I do not believe either of your suggestions are appropriate recommendations. Both would generate an extra maintenance burden on the developers for little[1] or no[2] noticeable performance gain.

  1. Typing is widespread enough that removing import typing from one module probably won’t make a difference for most projects as it’s being imported somewhere else. Maintaining separate type stub files that are accurate is not an insignificant maintenance burden for development though. ↩︎

  2. The tomllib regexes are used in the main function of the library, the import performance boost would be lost as soon as you actually parse a toml file, which is the whole point of importing the library. ↩︎

I’d suggest that discussions on how to optimise this (or any) particular implementation are off-topic here. The basic message is that “for some applications, TOML parsing has a non-trivial impact on performance”. And that’s relevant because startup time for a simple script is important - this has been noted on many occasions.
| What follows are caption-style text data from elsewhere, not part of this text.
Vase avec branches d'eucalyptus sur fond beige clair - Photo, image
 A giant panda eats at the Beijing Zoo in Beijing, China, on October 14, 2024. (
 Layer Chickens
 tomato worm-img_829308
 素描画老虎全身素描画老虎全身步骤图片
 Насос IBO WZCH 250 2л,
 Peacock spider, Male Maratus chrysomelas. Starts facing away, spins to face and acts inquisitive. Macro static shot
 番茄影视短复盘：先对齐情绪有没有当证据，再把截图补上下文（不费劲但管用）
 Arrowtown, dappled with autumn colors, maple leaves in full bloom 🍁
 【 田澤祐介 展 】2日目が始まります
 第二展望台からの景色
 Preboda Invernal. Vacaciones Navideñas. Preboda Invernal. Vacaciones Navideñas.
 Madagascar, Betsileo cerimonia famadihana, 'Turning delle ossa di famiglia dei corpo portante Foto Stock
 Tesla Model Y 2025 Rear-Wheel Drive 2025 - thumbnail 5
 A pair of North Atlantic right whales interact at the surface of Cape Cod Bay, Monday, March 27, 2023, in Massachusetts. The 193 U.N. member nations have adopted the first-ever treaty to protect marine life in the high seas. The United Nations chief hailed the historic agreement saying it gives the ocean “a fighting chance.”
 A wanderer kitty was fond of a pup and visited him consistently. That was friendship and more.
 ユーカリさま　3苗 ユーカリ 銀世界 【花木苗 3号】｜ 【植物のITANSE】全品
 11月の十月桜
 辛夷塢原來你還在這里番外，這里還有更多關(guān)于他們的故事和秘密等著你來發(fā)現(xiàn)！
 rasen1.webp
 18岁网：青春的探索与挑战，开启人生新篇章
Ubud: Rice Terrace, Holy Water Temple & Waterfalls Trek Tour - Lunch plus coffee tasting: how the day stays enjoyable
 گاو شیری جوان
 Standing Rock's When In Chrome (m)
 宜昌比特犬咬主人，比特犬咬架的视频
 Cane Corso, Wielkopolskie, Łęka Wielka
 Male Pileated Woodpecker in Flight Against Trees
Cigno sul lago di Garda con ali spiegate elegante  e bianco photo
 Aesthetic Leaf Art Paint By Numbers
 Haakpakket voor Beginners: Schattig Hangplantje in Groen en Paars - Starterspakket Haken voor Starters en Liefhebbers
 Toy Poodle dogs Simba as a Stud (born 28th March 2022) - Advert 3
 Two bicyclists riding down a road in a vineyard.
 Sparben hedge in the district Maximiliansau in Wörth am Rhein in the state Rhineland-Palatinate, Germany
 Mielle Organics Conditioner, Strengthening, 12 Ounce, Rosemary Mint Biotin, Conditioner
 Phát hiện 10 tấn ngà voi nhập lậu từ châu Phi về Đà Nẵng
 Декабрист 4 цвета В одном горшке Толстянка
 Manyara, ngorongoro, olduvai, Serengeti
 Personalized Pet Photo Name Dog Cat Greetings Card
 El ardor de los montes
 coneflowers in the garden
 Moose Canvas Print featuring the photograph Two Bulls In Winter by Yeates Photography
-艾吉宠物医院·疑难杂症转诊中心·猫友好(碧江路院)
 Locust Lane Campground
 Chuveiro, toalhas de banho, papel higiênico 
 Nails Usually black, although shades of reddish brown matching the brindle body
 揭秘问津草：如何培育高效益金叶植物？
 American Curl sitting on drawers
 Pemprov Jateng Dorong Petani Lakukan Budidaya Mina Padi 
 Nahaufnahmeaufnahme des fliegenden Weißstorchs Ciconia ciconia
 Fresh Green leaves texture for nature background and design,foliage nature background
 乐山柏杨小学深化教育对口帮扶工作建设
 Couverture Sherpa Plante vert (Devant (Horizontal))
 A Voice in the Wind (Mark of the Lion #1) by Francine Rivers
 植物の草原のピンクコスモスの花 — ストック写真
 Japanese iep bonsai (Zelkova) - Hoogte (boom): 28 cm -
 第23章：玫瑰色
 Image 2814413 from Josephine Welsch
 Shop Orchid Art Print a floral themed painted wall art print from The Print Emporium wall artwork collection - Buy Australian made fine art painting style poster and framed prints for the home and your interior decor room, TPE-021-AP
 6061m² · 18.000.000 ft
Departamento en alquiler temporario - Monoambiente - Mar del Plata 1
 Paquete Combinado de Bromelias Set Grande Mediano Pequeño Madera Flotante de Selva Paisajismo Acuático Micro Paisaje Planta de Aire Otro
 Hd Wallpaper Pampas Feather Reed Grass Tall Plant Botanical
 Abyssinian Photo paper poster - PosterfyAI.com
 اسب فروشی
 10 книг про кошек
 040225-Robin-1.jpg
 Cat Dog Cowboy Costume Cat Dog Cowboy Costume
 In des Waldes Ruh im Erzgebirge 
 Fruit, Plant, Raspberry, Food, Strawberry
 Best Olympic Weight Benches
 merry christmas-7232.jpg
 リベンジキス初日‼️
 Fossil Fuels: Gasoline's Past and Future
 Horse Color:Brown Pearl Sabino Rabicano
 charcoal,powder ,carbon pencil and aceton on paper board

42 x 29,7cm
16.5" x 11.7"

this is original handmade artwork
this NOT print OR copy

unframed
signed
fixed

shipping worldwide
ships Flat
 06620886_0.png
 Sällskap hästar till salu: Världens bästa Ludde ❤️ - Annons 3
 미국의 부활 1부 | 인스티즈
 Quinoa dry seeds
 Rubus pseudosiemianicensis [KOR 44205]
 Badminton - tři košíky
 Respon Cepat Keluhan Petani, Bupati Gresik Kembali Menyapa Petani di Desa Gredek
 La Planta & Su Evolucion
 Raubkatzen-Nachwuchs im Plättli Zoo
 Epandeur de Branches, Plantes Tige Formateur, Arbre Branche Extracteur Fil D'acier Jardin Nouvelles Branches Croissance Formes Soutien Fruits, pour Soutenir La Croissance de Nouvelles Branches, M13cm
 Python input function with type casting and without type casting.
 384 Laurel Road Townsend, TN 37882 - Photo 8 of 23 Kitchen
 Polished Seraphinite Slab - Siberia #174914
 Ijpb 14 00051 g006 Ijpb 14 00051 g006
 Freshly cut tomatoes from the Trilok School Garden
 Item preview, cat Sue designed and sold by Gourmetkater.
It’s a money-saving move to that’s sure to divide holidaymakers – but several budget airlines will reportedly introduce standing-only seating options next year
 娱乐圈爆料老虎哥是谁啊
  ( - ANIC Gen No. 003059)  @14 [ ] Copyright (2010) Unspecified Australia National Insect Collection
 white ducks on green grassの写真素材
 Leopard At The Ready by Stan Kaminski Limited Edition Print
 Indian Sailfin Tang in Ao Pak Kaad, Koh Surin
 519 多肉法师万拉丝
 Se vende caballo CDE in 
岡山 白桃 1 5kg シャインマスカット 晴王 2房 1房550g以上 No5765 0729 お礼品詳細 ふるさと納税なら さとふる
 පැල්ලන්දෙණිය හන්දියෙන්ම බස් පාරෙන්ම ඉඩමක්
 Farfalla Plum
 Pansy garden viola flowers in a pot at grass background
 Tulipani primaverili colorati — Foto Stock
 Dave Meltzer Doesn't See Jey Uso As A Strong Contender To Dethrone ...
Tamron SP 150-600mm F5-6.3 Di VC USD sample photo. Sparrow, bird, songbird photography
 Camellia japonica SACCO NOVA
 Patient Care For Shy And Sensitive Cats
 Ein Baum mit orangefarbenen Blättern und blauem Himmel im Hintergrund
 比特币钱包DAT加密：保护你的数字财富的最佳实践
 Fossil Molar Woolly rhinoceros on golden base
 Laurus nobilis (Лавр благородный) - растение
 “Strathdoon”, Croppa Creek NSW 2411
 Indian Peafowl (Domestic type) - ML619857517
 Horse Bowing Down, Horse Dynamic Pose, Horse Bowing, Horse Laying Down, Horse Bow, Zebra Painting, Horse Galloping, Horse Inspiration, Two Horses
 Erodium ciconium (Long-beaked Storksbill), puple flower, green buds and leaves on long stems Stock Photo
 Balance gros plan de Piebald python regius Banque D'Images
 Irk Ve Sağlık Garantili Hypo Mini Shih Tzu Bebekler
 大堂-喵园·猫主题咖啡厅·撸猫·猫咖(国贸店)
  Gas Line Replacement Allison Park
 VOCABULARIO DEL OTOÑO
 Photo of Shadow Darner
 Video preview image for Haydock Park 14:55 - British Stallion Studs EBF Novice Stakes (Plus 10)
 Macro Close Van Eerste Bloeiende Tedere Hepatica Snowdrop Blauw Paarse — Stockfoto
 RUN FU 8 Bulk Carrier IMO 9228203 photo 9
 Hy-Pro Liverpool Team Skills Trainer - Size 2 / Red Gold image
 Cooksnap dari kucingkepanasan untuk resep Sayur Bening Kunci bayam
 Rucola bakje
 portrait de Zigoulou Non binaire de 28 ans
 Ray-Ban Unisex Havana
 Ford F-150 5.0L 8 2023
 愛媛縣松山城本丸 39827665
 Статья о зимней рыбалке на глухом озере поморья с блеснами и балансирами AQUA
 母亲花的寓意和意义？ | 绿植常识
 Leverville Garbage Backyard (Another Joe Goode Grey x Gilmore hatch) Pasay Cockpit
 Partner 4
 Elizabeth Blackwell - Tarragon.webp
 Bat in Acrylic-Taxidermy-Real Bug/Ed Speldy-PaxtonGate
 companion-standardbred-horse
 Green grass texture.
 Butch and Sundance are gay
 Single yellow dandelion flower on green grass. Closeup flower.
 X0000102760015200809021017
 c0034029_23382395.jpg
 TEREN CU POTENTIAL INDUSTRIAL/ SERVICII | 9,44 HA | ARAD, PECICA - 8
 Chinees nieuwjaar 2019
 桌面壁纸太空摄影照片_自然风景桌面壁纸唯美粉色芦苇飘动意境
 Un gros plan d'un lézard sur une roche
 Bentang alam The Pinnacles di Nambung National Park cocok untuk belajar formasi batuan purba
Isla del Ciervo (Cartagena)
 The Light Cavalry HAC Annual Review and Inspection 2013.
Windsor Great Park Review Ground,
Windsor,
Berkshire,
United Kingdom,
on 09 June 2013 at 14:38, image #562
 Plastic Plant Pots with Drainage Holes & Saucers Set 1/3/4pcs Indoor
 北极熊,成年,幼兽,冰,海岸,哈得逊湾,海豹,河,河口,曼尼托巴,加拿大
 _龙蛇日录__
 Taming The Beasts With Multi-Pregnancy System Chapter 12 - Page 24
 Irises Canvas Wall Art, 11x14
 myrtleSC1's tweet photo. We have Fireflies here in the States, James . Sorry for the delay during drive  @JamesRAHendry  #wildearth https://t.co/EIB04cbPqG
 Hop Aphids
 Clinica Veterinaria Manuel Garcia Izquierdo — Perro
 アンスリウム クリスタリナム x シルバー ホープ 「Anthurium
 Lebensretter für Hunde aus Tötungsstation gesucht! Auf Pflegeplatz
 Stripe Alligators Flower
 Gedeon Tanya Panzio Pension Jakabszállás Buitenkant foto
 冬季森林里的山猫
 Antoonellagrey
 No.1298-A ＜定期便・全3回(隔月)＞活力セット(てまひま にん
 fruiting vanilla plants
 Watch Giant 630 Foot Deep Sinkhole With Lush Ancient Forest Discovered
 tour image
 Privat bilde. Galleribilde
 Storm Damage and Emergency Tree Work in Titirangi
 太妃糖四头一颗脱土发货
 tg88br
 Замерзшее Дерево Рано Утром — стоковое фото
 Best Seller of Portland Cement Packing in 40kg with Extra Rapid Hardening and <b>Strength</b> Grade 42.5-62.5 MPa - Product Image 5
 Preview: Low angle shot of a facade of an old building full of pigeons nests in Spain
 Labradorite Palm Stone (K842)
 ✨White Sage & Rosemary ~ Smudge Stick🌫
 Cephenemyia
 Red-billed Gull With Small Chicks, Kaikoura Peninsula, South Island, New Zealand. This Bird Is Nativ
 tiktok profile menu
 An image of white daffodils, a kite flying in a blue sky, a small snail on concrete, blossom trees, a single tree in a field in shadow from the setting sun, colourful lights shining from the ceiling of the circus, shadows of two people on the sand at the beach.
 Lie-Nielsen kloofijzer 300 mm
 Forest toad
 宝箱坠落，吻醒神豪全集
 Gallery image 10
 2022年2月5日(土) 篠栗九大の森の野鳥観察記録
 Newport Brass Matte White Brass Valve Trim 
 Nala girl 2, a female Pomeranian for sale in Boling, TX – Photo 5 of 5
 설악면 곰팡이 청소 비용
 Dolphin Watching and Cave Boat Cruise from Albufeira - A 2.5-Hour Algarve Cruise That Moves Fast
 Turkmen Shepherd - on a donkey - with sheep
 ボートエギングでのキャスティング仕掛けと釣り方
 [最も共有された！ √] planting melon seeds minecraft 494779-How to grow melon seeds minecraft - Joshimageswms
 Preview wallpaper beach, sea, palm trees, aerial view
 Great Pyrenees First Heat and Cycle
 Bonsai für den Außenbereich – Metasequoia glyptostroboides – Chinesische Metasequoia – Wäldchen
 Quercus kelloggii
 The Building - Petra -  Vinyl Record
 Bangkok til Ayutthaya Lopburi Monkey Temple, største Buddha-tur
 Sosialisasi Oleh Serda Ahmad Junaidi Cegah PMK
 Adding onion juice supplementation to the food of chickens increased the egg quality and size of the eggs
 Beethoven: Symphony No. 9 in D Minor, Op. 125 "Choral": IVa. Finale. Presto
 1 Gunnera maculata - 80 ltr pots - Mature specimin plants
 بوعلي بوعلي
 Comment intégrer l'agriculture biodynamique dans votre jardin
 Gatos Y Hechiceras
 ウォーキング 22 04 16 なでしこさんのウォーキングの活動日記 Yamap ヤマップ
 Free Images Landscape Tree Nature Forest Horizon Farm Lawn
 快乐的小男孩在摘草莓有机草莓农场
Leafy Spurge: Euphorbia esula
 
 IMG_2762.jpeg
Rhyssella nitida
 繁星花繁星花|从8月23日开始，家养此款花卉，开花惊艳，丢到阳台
Whether script runners can be optimised, or caching can improve performance, is simply demonstrating that “it’s harder to write a performant script runner with TOML data than with a simpler structure”.

And even then, whether the difference matters is something that will ultimately be decided by choosing one proposal over the other. Not by people demonstrating that optimisation is possible.


It lean into the “it’s an optimization thing”, if you don’t cache already then I suspect the TOML reading is minor compared to the network overhead of communicating with PyPI.